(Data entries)
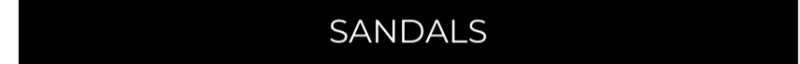 SANDALS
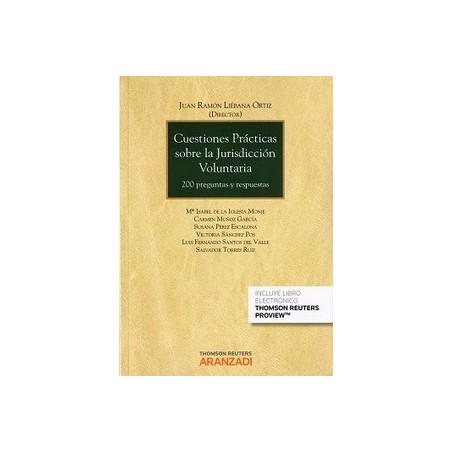 Cuestiones Prácticas sobre la Jurisdicción Voluntaria. 200 Preguntas y Respuestas "(Duo Papel + Ebook )"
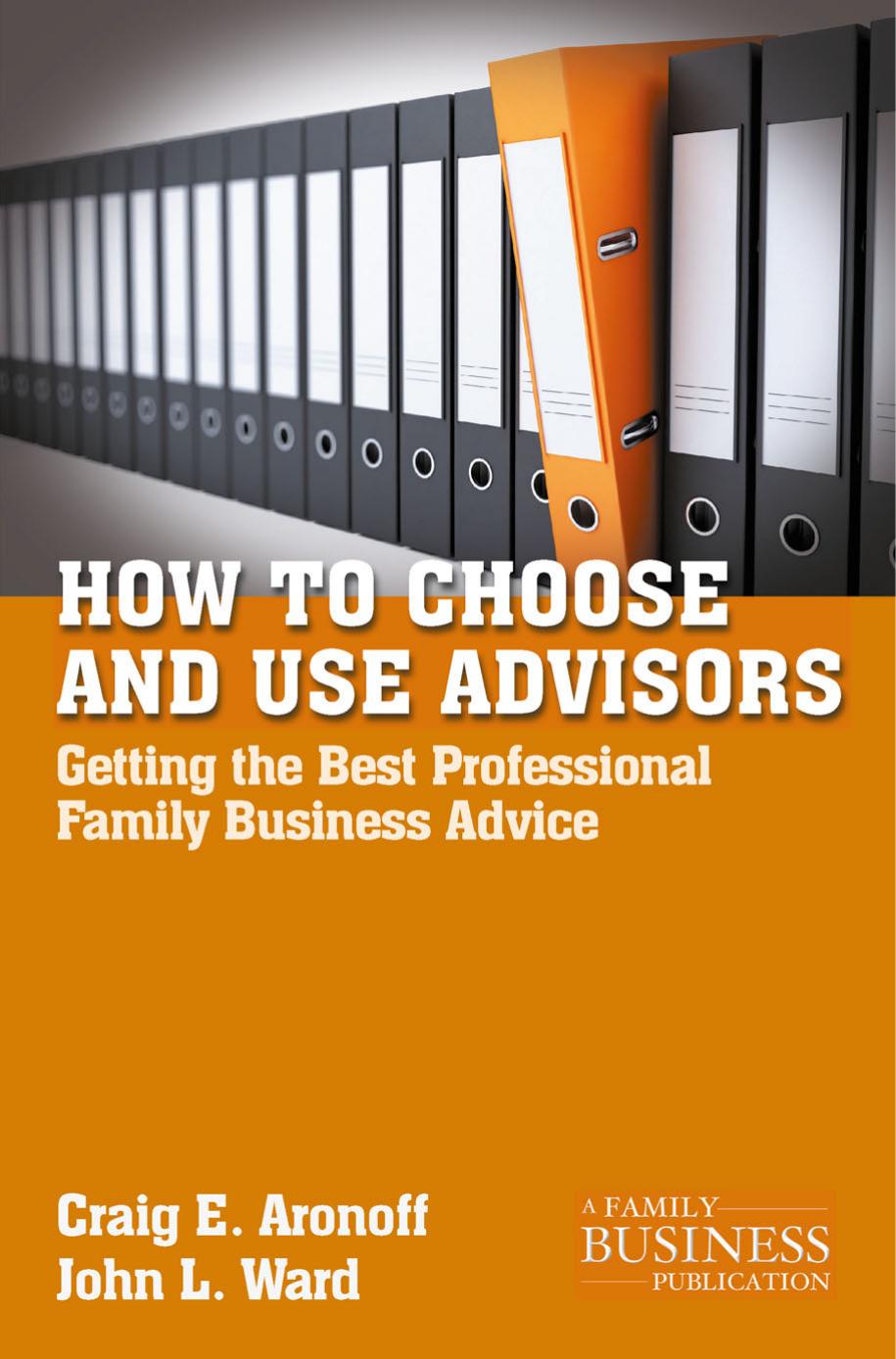 How to Choose and Use Advisors: Getting the Best Professional Family Business Advice by Unknow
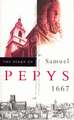 The Diary of Samuel Pepys, Vol. 8: 1667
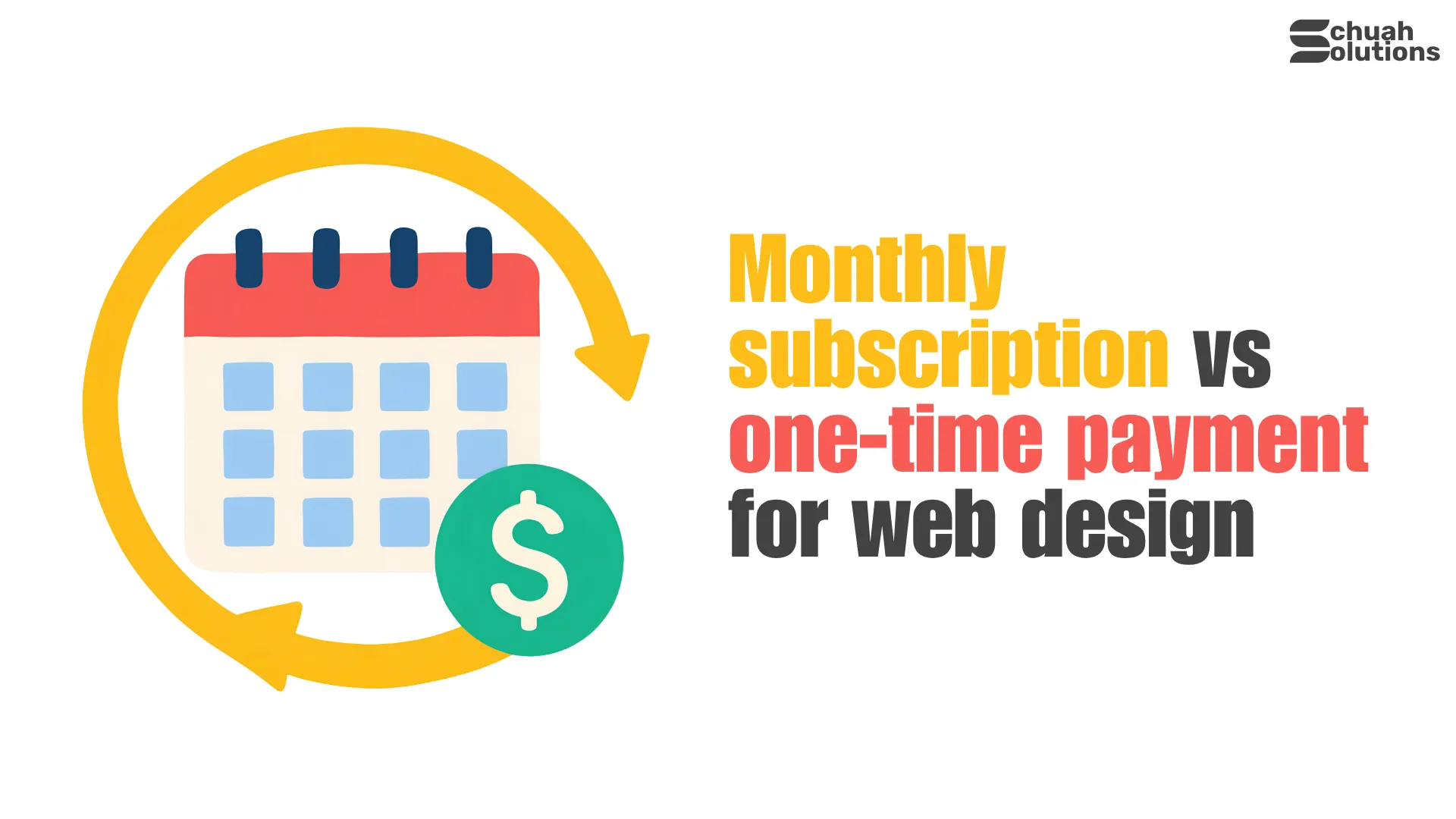 Monthly subscription vs one-time payment for web design cover image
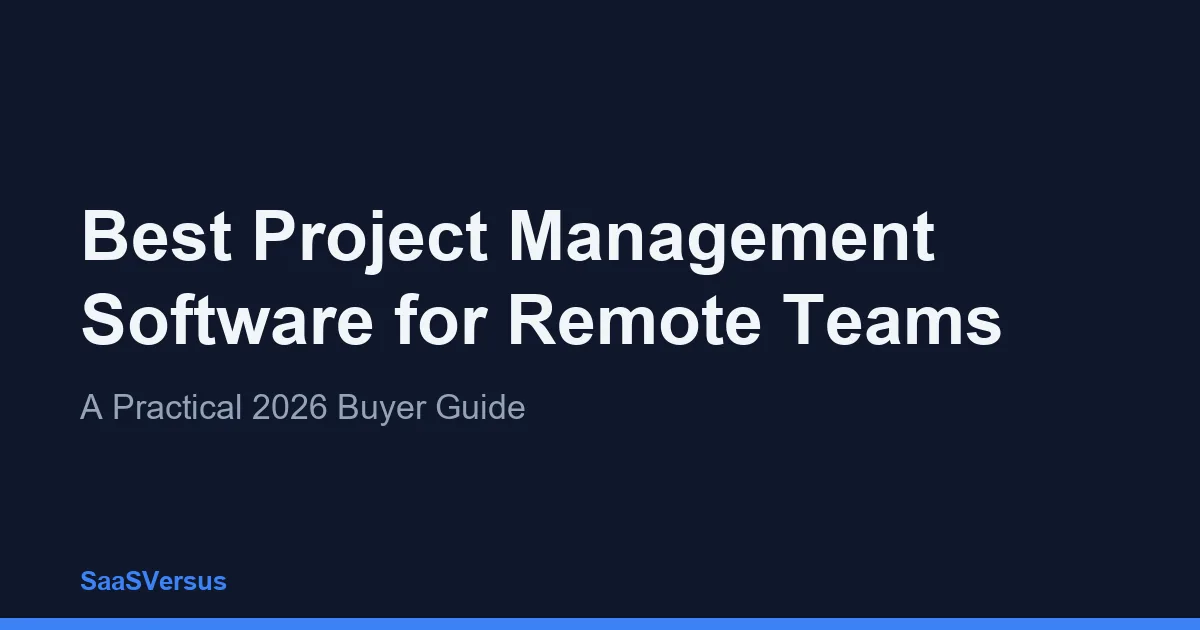 Best Project Management Software for Remote Teams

### [Exercise instructions]
Starting at the line that contains "How to Choose", transcribe each line through the last one of the entries above, exactly and without pictures.

### [Completed task]
 How to Choose and Use Advisors: Getting the Best Professional Family Business Advice by Unknow
 The Diary of Samuel Pepys, Vol. 8: 1667
 Monthly subscription vs one-time payment for web design cover image
 Best Project Management Software for Remote Teams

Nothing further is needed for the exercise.